Brazil suffered a recession in the first half of the year as investment plunged and the country's hosting of the World Cup suffocated economic activity.
Latin America’s largest economy has suffered stagnant growth for more than three years under Rousseff’s left-leaning policies, which have dented consumer and business confidence and caused heavy losses for financial investors.
The economy took an even bigger downturn in the second quarter, contracting 0.6 per cent from the first quarter, according to government statistics agency IBGE. The agency also revised down its estimate for first quarter activity to a 0.2 per cent contraction, meaning the economy entered a recession.
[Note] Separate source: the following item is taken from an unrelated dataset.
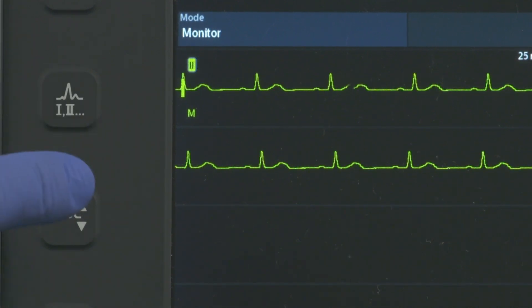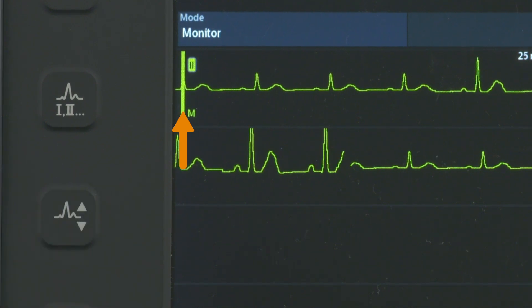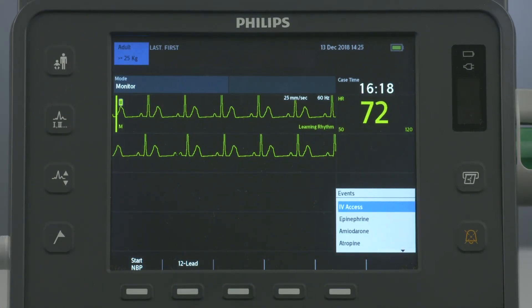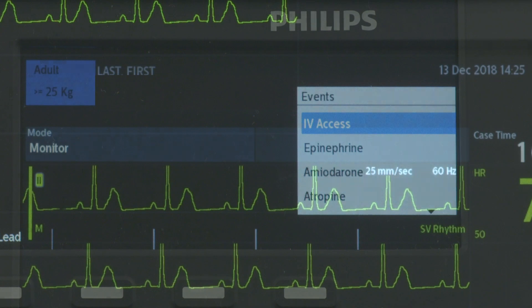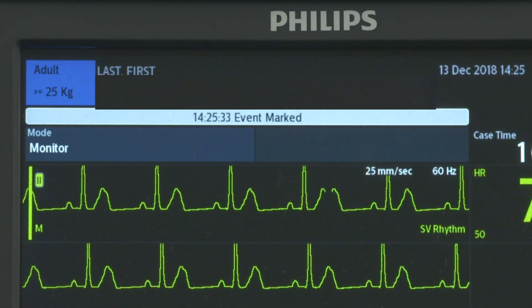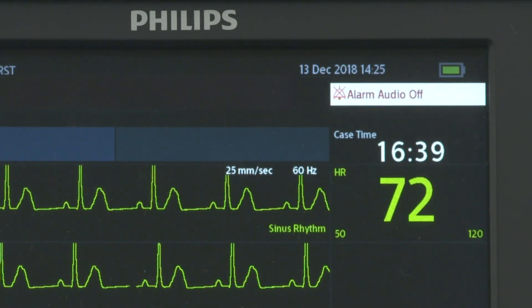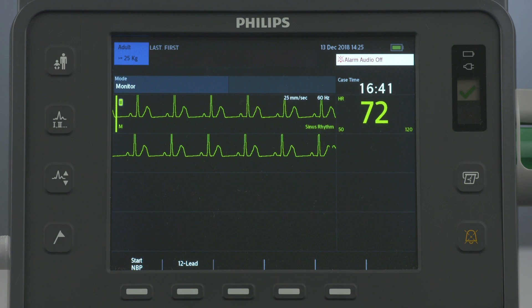The ECG Gain button increases the ECG waveform vertical scale of the primary lead by one setting. Press the Mark Event button to insert a time-stamped annotation on the ECG strip and in the Event Summary report to note events as they occur, including certain drug administration. The Alarms button pauses all audible, physiological, and technical alarms for the configured time interval; press it again during the pause interval to return alarms to their previous settings.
News of the recession, Brazil’s first since the global financial crisis of 2008-09, will give a powerful weapon to Rousseff’s opponents in October’s election at precisely the moment that her candidacy is at its most vulnerable.
Polls over the last week have shown Rousseff falling behind centrist candidate Marina Silva in the event of a second-round runoff, which appears likely.
Silva and the other main candidate, Senator Aecio Neves, have hammered Rousseff for being weak on inflation and ruining the economic momentum that made Brazil a Wall Street darling last decade.
Civil construction and manufacturing especially suffered during the second quarter, data showed.
Brazil hosted the World Cup in June and July, which caused a slowdown at many factories and retailers as cities declared public holidays on game days to prevent logistical problems such as heavy traffic.
Yet economists said Brazil’s problems go beyond any short-term considerations such as the Cup.
They blamed government policies that have relied too much on stimulating domestic demand while failing to attract investment.
They said the data underscored that the next president - whoever it may be - would need to undertake deep reforms.
"The recovery from here will be slight," said Eduardo Velho, chief economist at INVX Global, an investment fund in Sao Paulo.
“We need a new economic program based on fiscal tightening, monetary flexibility, and improvements in productivity.”